Allerdings vergessen wir darüber, dass wir Menschen immer noch die Macht und Kraft des Trotzdems besitzen. Es liegt in meiner Verantwortung mit dem umzugehen, was mir im Leben mitgegeben wurde. Es liegt daher auch in meiner Verantwortung, was für Konsequenzen daraus folgen. Wenn ich nicht bereit bin, die Verantwortung für meine Schuld und für mein schlechtes Verhalten zu übernehmen; wenn das alles nur Ergebnis von Erziehung und von Genetik ist, dann kann ich auf der anderen Seite mir auch meine guten Taten nicht zuschreiben. Weil auch die folglich nur das Ergebnis von Genetik, von Familie und sozialen Umwelteinflüssen sind.
So sehr wir also versuchen mögen, unsere Schuld zu verdrängen, am Ende landen wir damit in seelischen Sackgassen. Normalerweise haben wir ein Schuldgefühl, weil wir tatsächlich schuldig geworden sind. Das Gewissen in uns ist in der Regel eine gesunde Institution, die uns darauf hinweist, dass in der Tat etwas grundlegend schiefgelaufen und, dass tatsächlicher Schaden entstanden ist.

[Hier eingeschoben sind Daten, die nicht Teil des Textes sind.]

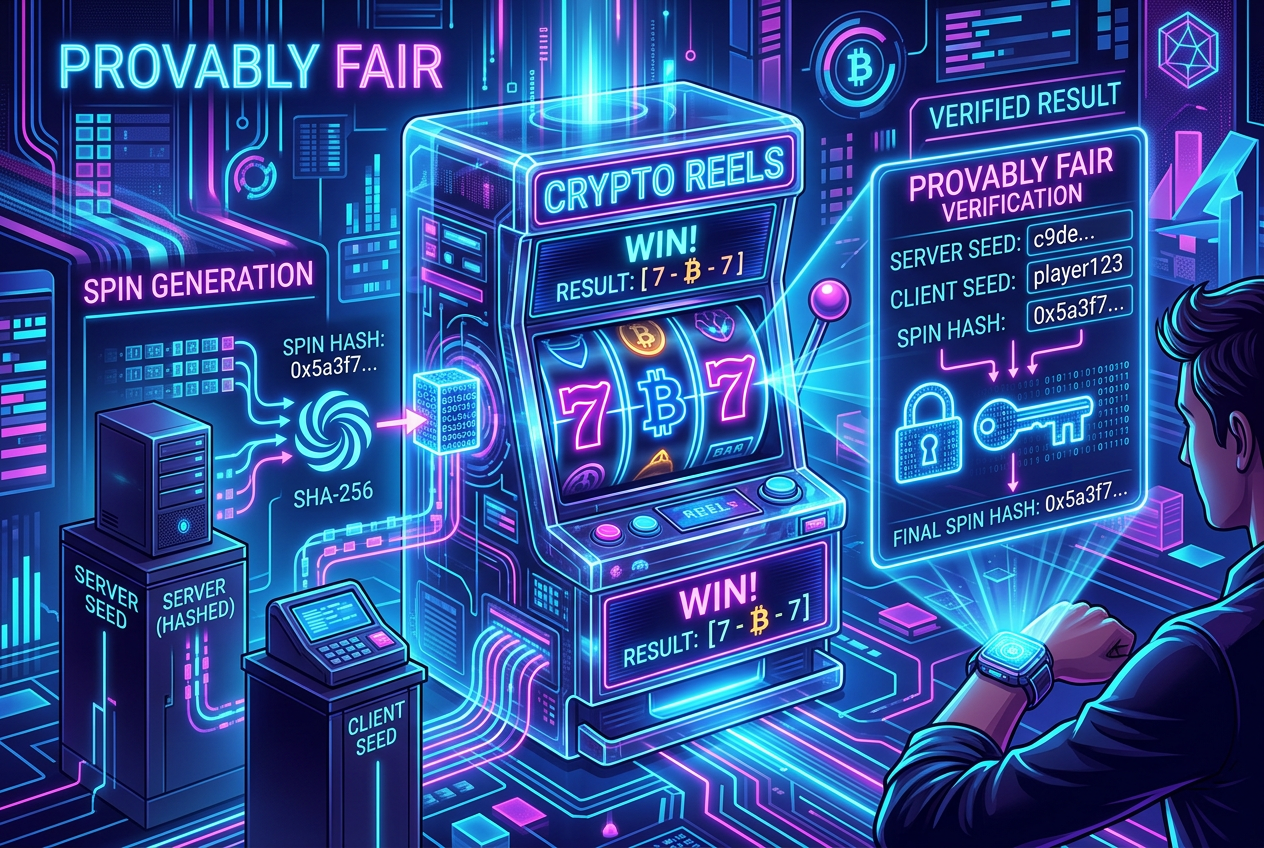 Ilustracja mechanizmu Provably Fair i haszowania kryptograficznego w grach kasynowych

Sich dieses Schuldgefühl einzugestehen, das bedeutet aktive Arbeit, weil ich mich diesem Schmerz und dieser Auseinandersetzung stellen muss. Aber nur dann, nur dann werde ich erkennen, dass mein Wille, dass mein Charakter keine Automatismen sind, sondern beides Dinge, die sich entwickeln und an denen ich aktiv arbeiten kann. Das aber nur, wenn ich auch wirklich bereit bin, bewusst hinzuschauen, was ich mit meinem Verhalten manchmal anrichte.
Es liegt Schönheit in der menschlichen Freiheit. Aber wir tragen deswegen auch Verantwortung für unsere Taten. Indem wir uns unseren Schuldgefühlen, unseren Gewissensbissen stellen, eröffnet sich ein unglaublicher kreativer Handlungshorizont. Nur, wenn ich auch bereit bin, mir diese schmerzhaften Seiten meines Lebens einzugestehen, wenn ich mich bewusst mit ihnen in die Auseinandersetzung begebe, nur dann werde ich entdecken, dass ich auf Dauer anders handeln kann. Dass sich neue Spielräume für mein Tun eröffnen und, dass ich dann wirklich zu einem Menschen heranwachsen und heranreifen kann, der dazu in der Lage ist, zu sich selbst zu stehen in allem Guten wie negativen. Der bestenfalls sogar noch ein Vorbild für andere werden kann.
So viel Schönheit liegt selbst noch in menschlicher Schuld.